The Problem with Tokenization in LLMs

Before text is sent to the LLM for generation, it is tokenized. Tokens are how the model sees the input — single characters, words, parts of words, or other segments of text or code. Each model does this step differently. For example, GPT models use Byte Pair Encoding (BPE).

Tokens get assigned an id in the tokenizer’s vocabulary, a numerical identifier that ties together the number with the corresponding string. For example, “Matt” is encoded as token number [13448] in GPT. “Matt Rickard” is encoded as three tokens, “Matt”, “ Rick”, “ard” with ids [13448, 8759, 446] (plausibly because “Matt is common enough to be a token in GPT-3’s 14 million string vocabulary, but “Rickard” is not.

Cases are treated completely separately. Different cases of words are treated as different tokens. “hello” is token [31373], “Hello” is [15496], and “HELLO” is three tokens [13909, 3069, 46] (“HE”, “EL”, “O”).

Digits are chunked inconsistently. The value “380” is tokenized as a single “380” token in GPT. But “381” is represented as two tokens [“38”, “1”]. “382” is again two tokens, but “383” is a single token [“383”]. Some tokenization of four digit numbers: [“3000”], [“3”, “100”], [“35”, “00”], [“4”, “500”]. This could be why GPT-based models aren’t always great at math. This also makes GPTs bad at word manipulation (e.g., reverse this word).

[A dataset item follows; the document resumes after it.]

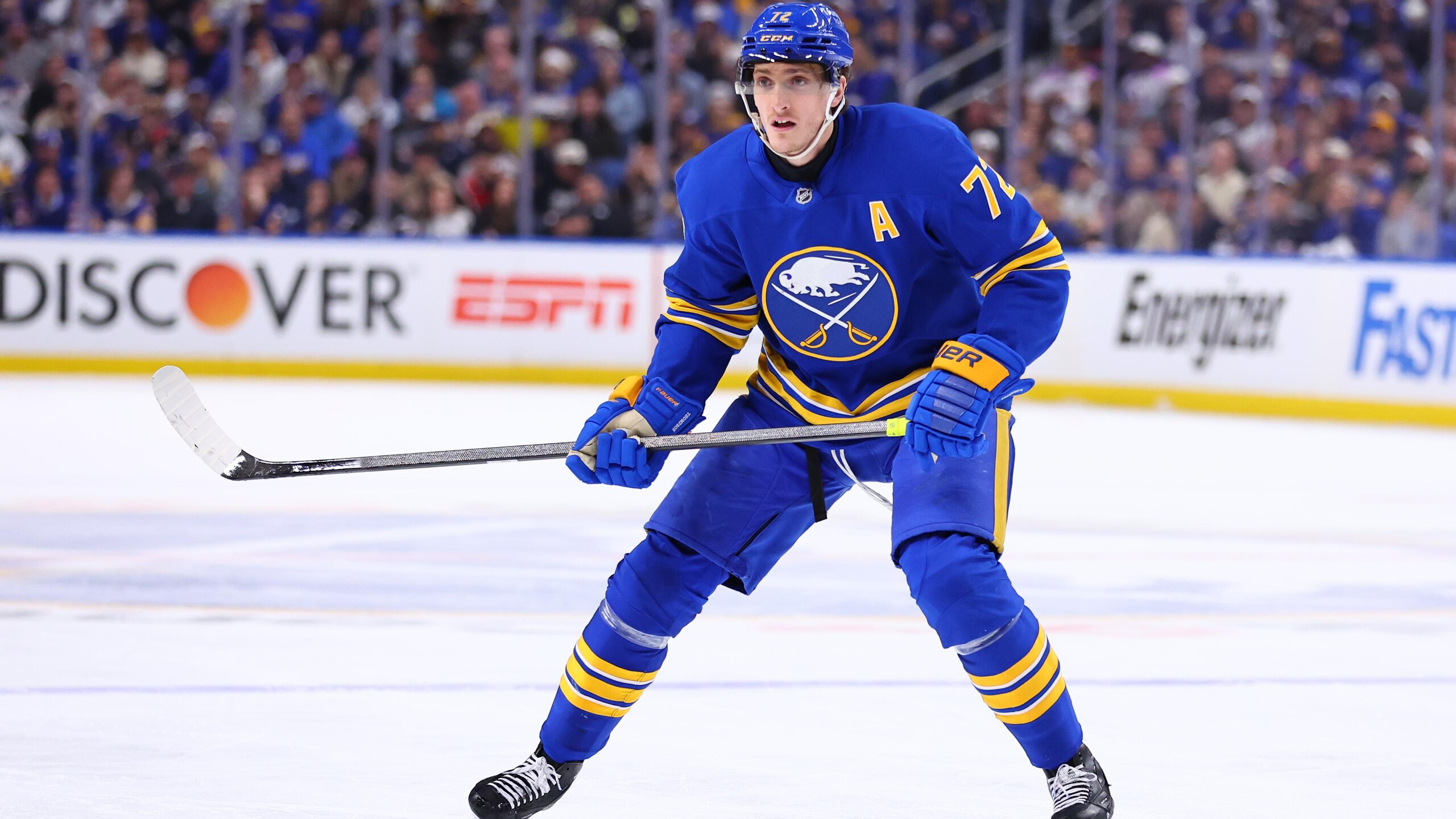Boston Bruins v Buffalo Sabres - Game Two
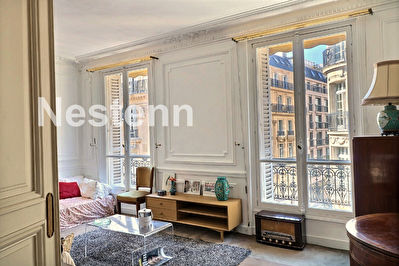Appartement 4 pieces -St Philippe du Roule Paris 8e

Trailing whitespace. Some tokens have whitespace. This leads to interesting behavior with prompts and also completion. For example, “once upon a “ with the trailing whitespace is encoded as [“once”, “ upon”, “ a”, “ “]. However, “once upon a time” is encoded as [“once”, “ upon”, “ a”, “ time”]. Adding the whitespace to your prompt will affect the probability that “ time” will be the next token (because “ time” is a single token with the whitespace.

Tokenization is model-specific. Tokenizers have to be trained for different models. Even though LLaMa uses BPE, the tokens differ from ChatGPT. This complicates pre-processing and multi-modal modeling.

You can play around with OpenAI’s tokenizer used in GPT models here. There’s also some work being done on byte sequences (Predicting Million-byte Sequences with Multiscale Transformers).